The appearance of Meredith and the other companions in Wifelike is striking. If only the film could make the world around them equally believable. From the movie's opening fake advertisement, the concept of companions is immediately muddled. Theyre somehow sold as both fantastically detailed sex dolls and a treatment for agonizing grief, purposes that seem at odds with each other. Companions don't appear intelligent enough to elicit the violent liberation movement seen in the film.

The number of protestors does not seem to be large enough to justify a fleet of agents like William (Jonathan Rhys Meyers), who are tasked with defying errant sex dolls like a low-rent Blade Runner. But she is offered more as a loss treatment rather than an employment benefit.

The perversity would be the focus in a better film. Perhaps it is in this one, too; it's hard to tell when Williams' obtuse case is the audience's only consistent window into the practice of doling out companions early on; Meredith does have a funny moment to herself when exploring the possibility of self-pleasure.

Meredith learns to write her own opinions through strange sci-fi effects, such as her dream mode, which allows her to simulate human sleep. First-person statements are a neat concept for such a vastly advanced system, though it's a strange programming bug.

There is a funny moment when Meredith must request a waiver in order to provide William some health-threatening bacon, but occasionally Meredith must be taught terms that a computer would likely be able to recognize easily. Whats the benefit of that slower learning curve for a grieving widower or a horny loser, though? In the 2004 remake of The Stepford Wives, the filmmaker is unsure about the exact steps that make companions.

Merediths awareness widens, becoming drawn into the confrontation between the Williams company and anti-companion forces, uncovering hidden secrets, hidden memories, and so on. After 30 minutes, Wifelike begins with the sinking feeling that writer-director James Bird intends to peel back layers of male decorousness. But these qualities are equally apparent as the low-key clothes that the companions all seem to wear as accessories.

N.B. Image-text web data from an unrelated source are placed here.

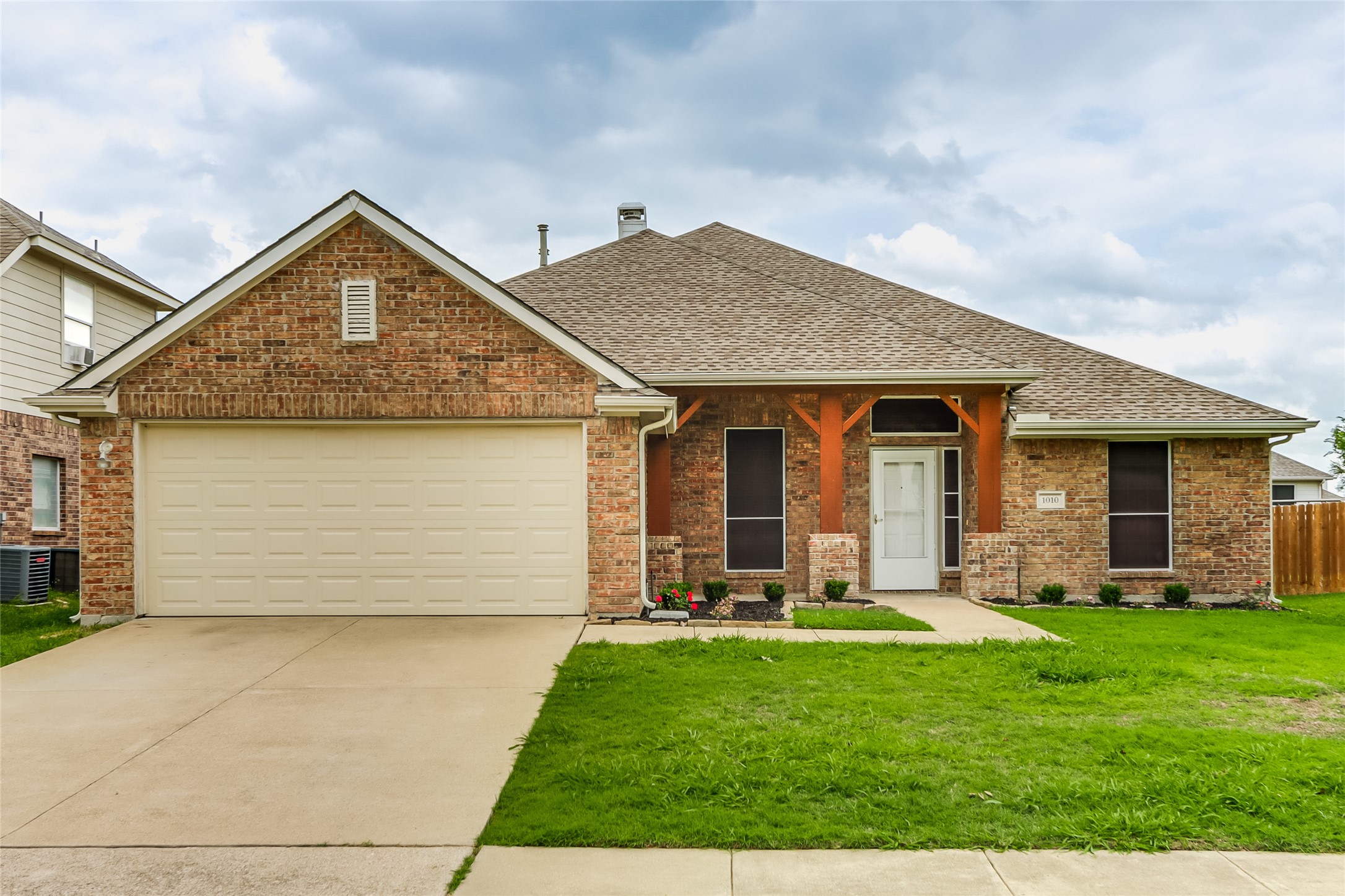1010 Spring Tide Drive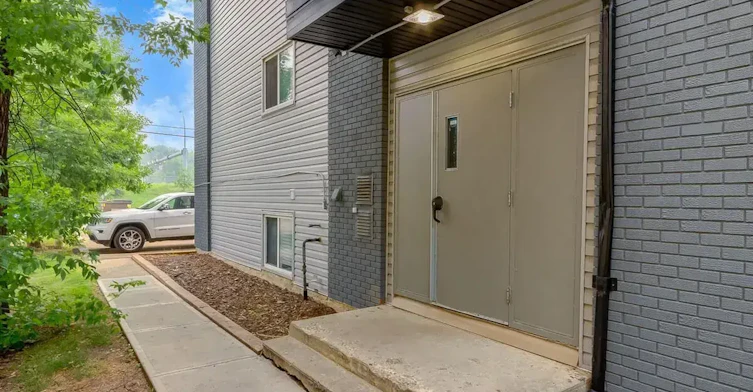 02-11825 101 Street NW, Edmonton, AB, T5G 2B6 - 13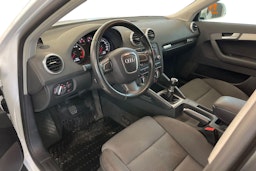Valkoinen Audi A3 2009 kuva 7.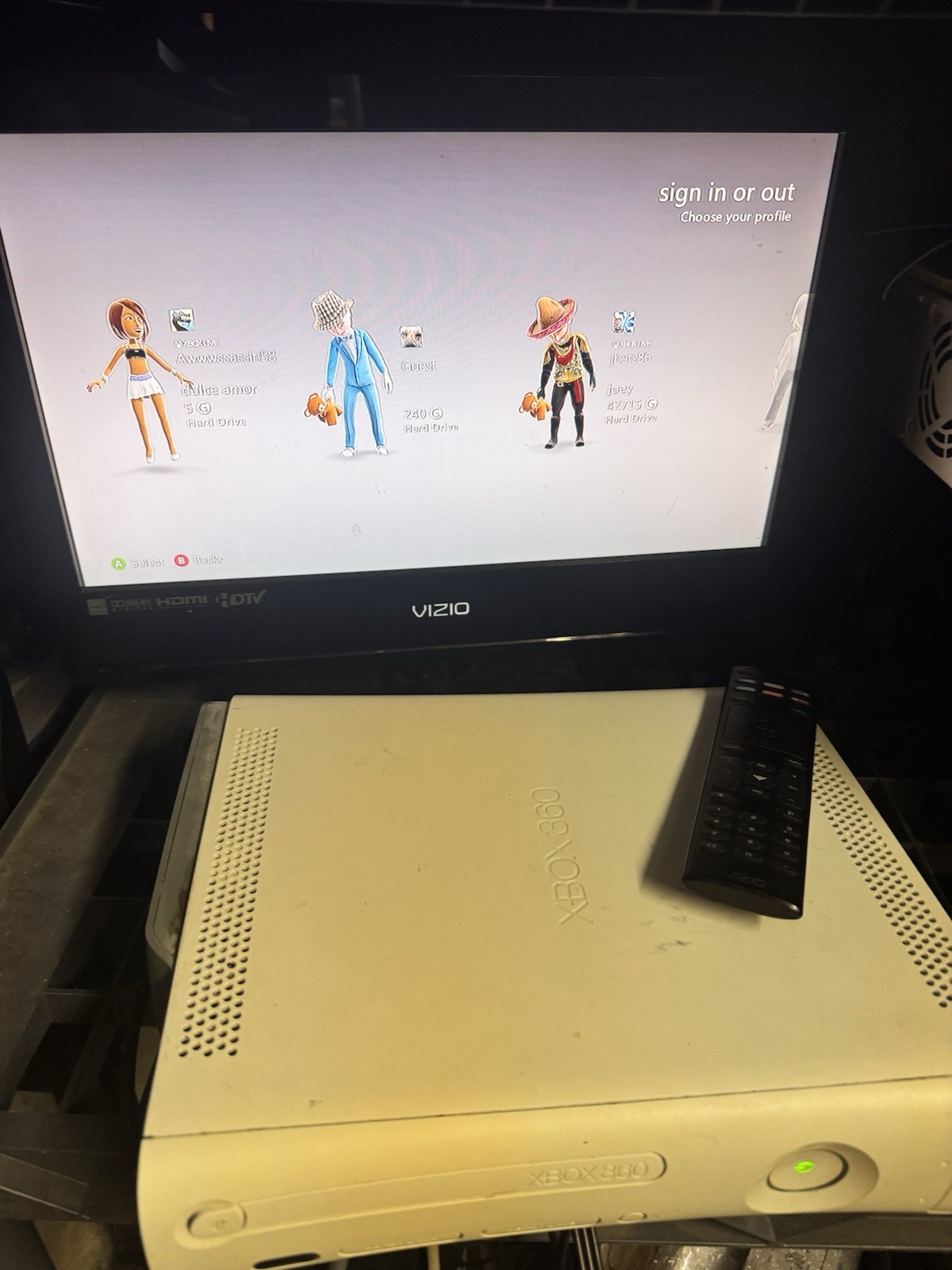 XBOX 360 Pro 20GB Console + Power Supply Works No Controller Good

Wifelike exposes a barely concealed subtext and proudly lays it out as text: Men subjugate women, and if their attempts to do that are stymied, theyll invent new women to subjugate others. There are moments when the film seems prepared to include major characters who are really sorry, but Bird backs away from it.

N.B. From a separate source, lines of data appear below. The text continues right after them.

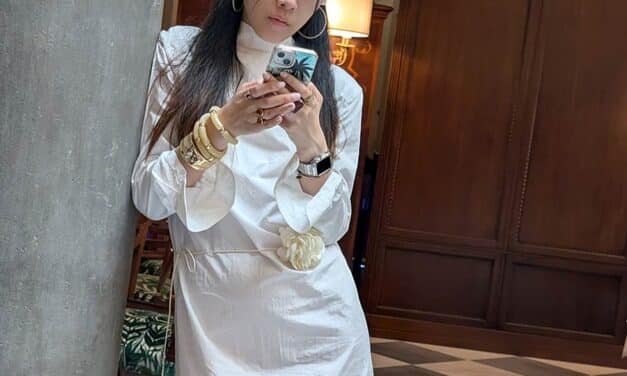 The Art of Costume Accessories – Gold Layering with White: Tommy Hilfiger’s Silent Style Star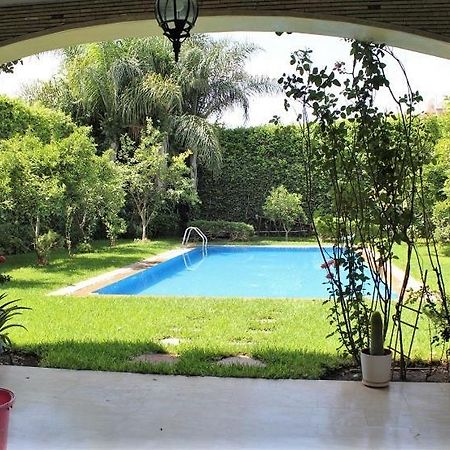 Magnifique Villa Avec Piscine Chauffee Que Pour Famille マラケシュ エクステリア 写真
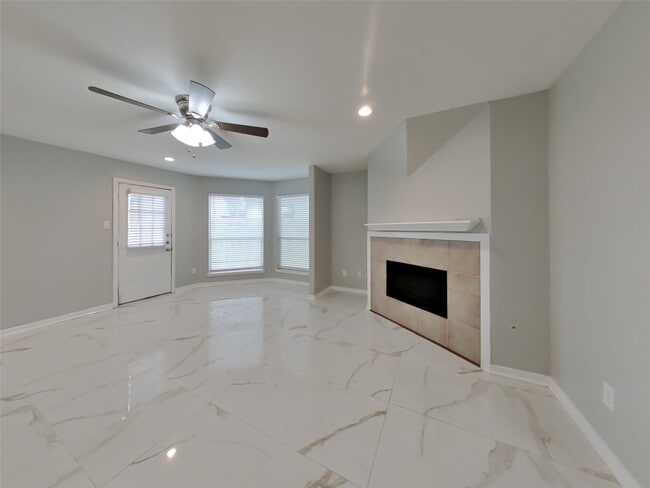 Building Photo - 6726 Misty Dale Dr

Kampouris is open to either attempting to assimilate into a cloistered domestic life or wandering through a dreamscape that functions as a virtual reality. It's the low-rent cop-movie-level material with William and his co-worker buddy Jack (Doron Bell) that ultimately pushes Wifelike past the point of no return, into its own strange valley. What's supposed to be a smart, unnerving sci-fi film is a

Wifelike will be available for streaming on Amazon, Vudu, and other digital rental and purchase platforms on August 12 in a limited theatrical release.